======== The input
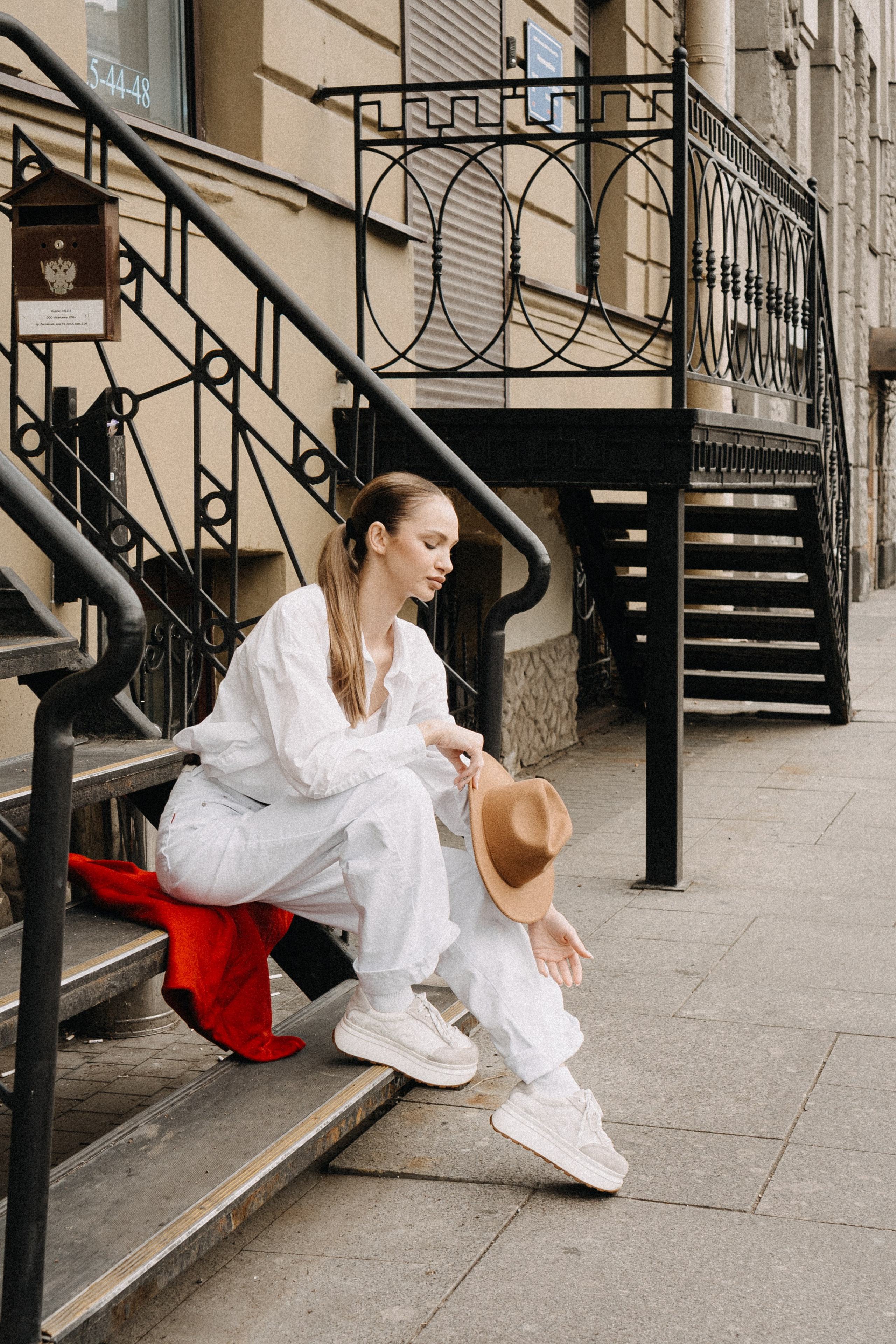 МЫ ГУЛЯЛИ ПРО КРЫШАМ ПИТЕРА. Профессиональный фотограф, Санкт-Петербург — Виктория Богомолова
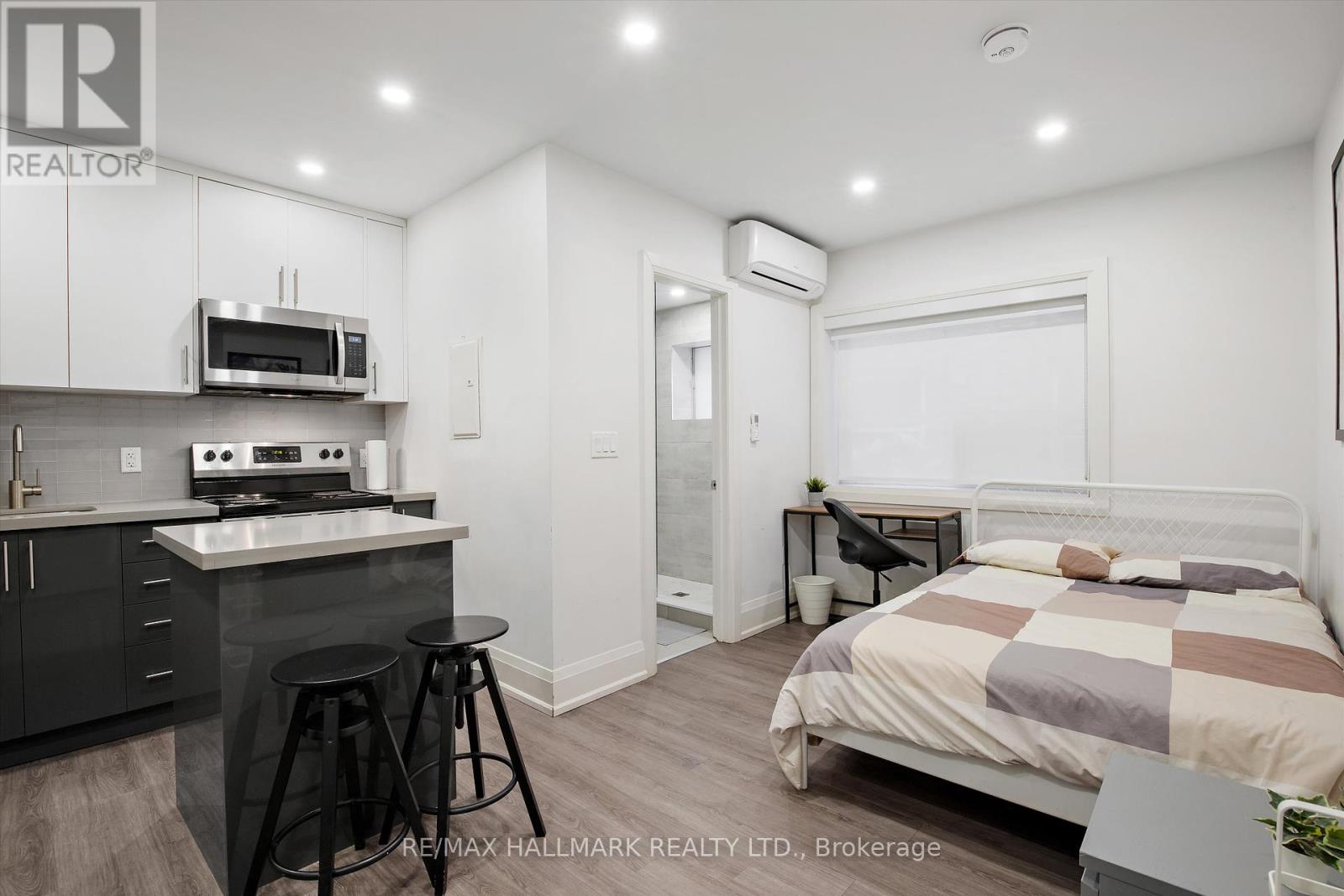 3 - 595 St Clair Avenue W, Toronto, Ontario  M6C 1A3 - Photo 17 - C12007739
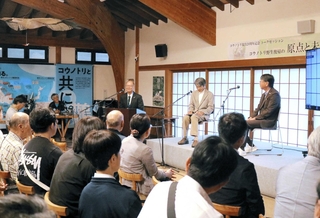 コウノトリの野生復帰を支えてきた人たちとのトークセッションに臨む中貝宗治さん（壇上右）ら＝豊岡市祥雲寺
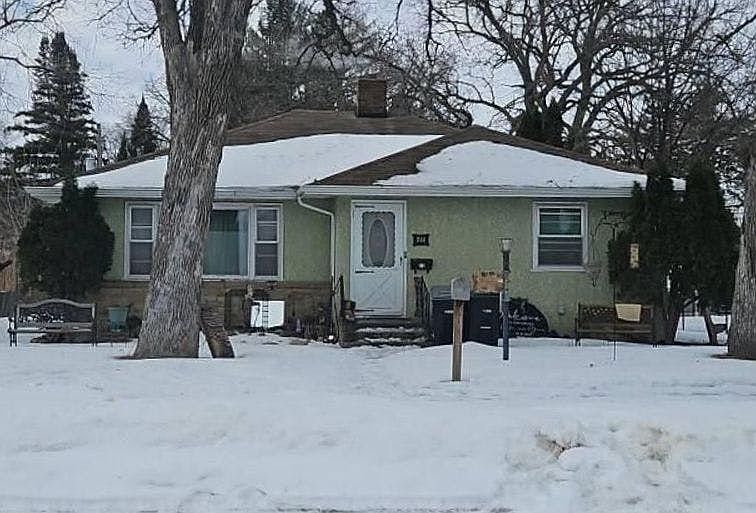1st image of 711 2nd St NE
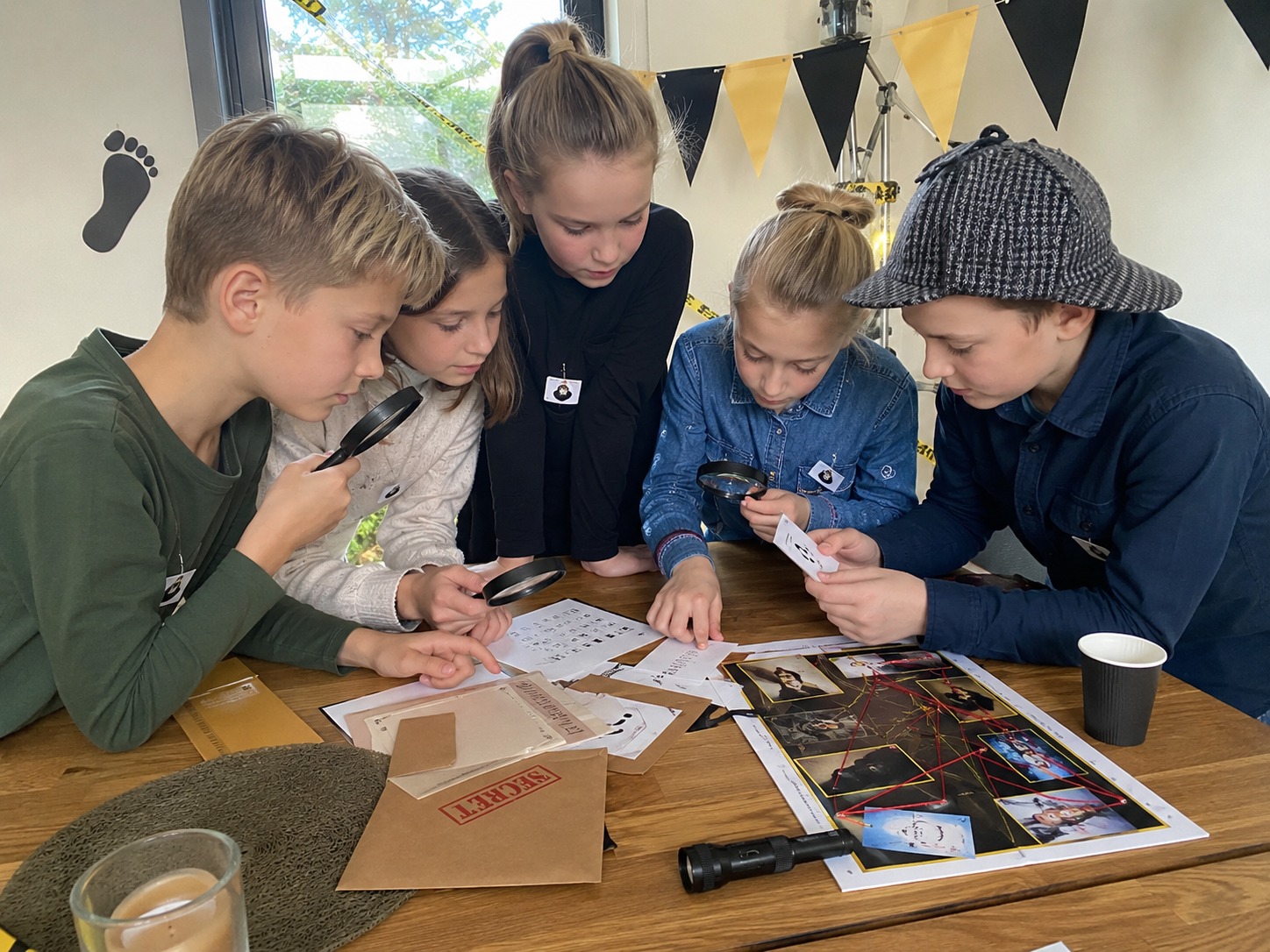 Kinderen tijdens een detectivefeestje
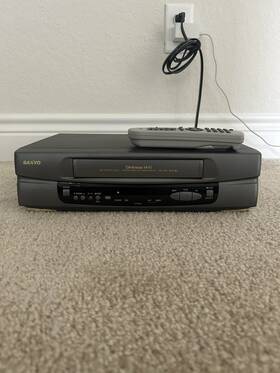 Sanyo Vhr-518 Vhr-h518 4 Head Video Cassette Recorder Player Vcr Hifi With Remote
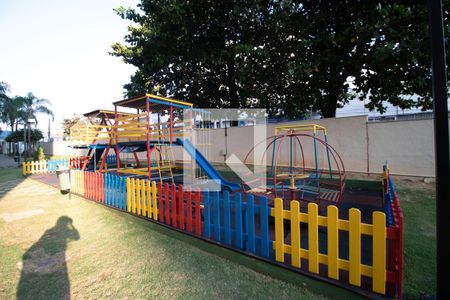 Apartamento para alugar com 70m², 3 quartos e 2 vagasÁrea comum - Playground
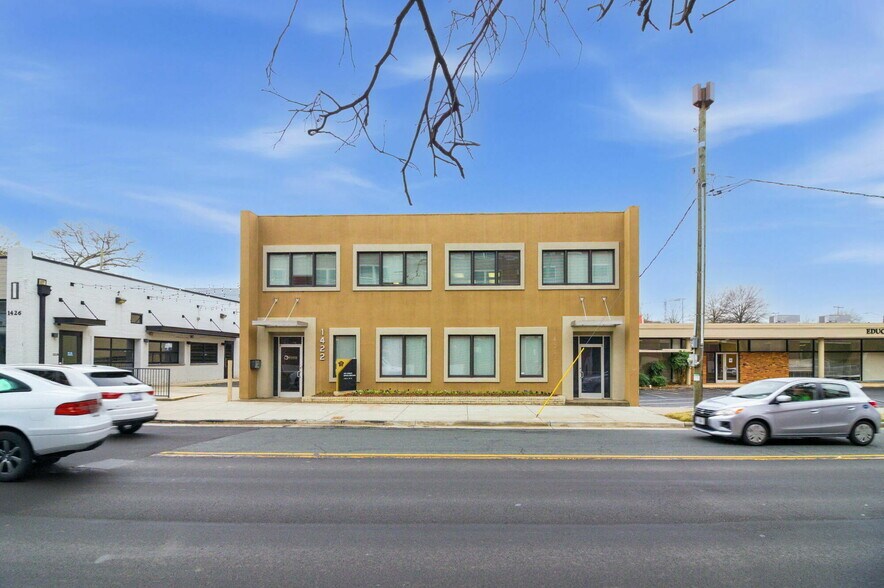 1412 & 1422 E 4th St portefeuille de 2 propriétés à vendre sur LoopNet.ca - Photo principale - Image 1 de 18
================
Every line above should be reproduced exactly, please, with no pictures included.

 МЫ ГУЛЯЛИ ПРО КРЫШАМ ПИТЕРА. Профессиональный фотограф, Санкт-Петербург — Виктория Богомолова
 3 - 595 St Clair Avenue W, Toronto, Ontario  M6C 1A3 - Photo 17 - C12007739
 コウノトリの野生復帰を支えてきた人たちとのトークセッションに臨む中貝宗治さん（壇上右）ら＝豊岡市祥雲寺
1st image of 711 2nd St NE
 Kinderen tijdens een detectivefeestje
 Sanyo Vhr-518 Vhr-h518 4 Head Video Cassette Recorder Player Vcr Hifi With Remote
 Apartamento para alugar com 70m², 3 quartos e 2 vagasÁrea comum - Playground
 1412 & 1422 E 4th St portefeuille de 2 propriétés à vendre sur LoopNet.ca - Photo principale - Image 1 de 18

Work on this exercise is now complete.